Solikamsk

Solikamsk Pulp and Paper Combine

Main types of products:

paper pulp for the production of gunpowder

filter paper & cushioning cardboard

graph paper & wrapping paper

Workers of the Solikamsk Pulp and Paper Combine near the paper-making machine БДМ№1 in one of the workshops of this enterprise. Solikamsk, Molotov region. 1940s.
Photo from the museum of JSC «Solikamskbumprom»

Workers of the Solikamsk Pulp and Paper Combine at work at the timber exchange of this enterprise. Solikamsk, Molotov region. 1940s.
Photo from the museum of JSC «Solikamskbumprom»

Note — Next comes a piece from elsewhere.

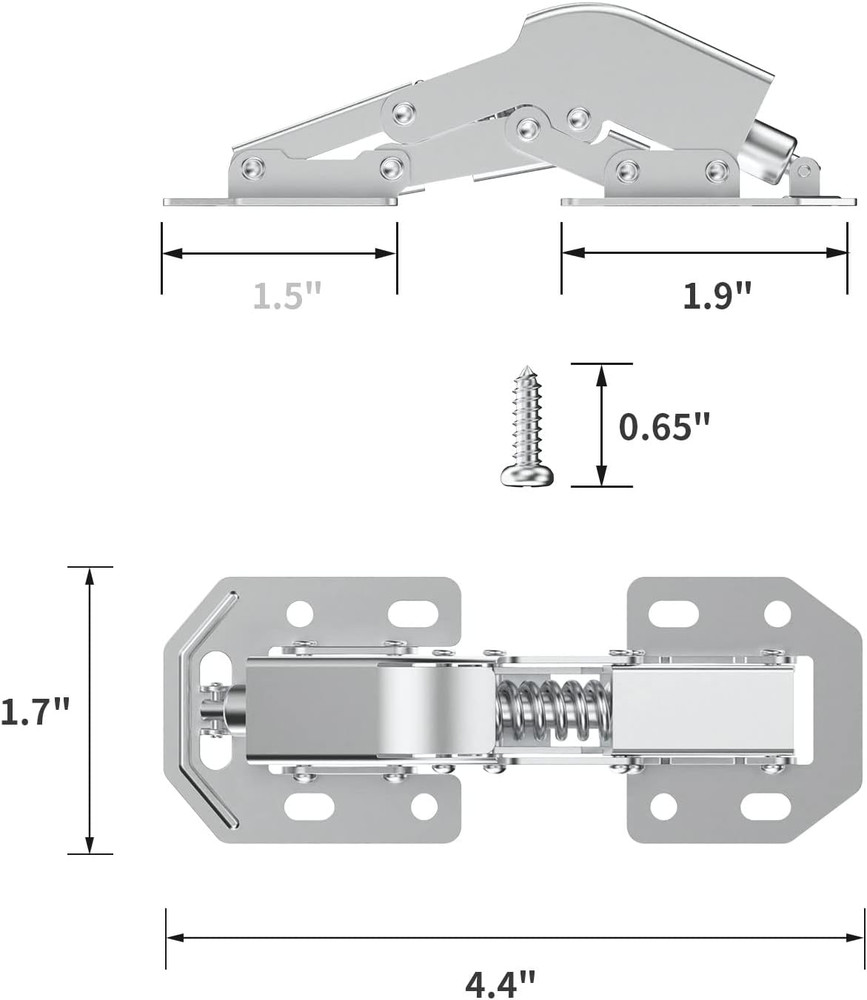50 Pack Soft Close 90° Spring Hinges for Noiseless Kitchen Cabinets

Cable cranes of the Solikamsk Pulp and Paper Combine. Solikamsk, Molotov region. 1940s
Photo from the museum of JSC «Solikamskbumprom»

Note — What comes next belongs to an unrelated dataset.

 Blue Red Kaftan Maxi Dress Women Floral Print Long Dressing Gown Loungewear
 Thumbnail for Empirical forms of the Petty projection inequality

Workers of the acid shop at the Solikamsk Pulp and Paper Combine checking equipment. Solikamsk, Molotov region. 1940s.
Photo from the museum of JSC «Solikamskbumprom»

Backwater of the Solikamsk Pulp and Paper Combine. Solikamsk, Molotov region. 1940s
Photo from the museum of JSC «Solikamskbumprom»

Water channel for wood supply at the Solikamsk Pulp and Paper Combine. Solikamsk, Molotov region. 1940s
Photo from the museum of JSC «Solikamskbumprom»

Production facilities of the Solikamsk Pulp and Paper Combine. Solikamsk, Molotov region. 1940s
Photo from the museum of JSC «Solikamskbumprom»

Bleaching shop of the Solikamsk Pulp and Paper Combine. Solikamsk, Molotov region. 1940s
Photo from the museum of JSC «Solikamskbumprom»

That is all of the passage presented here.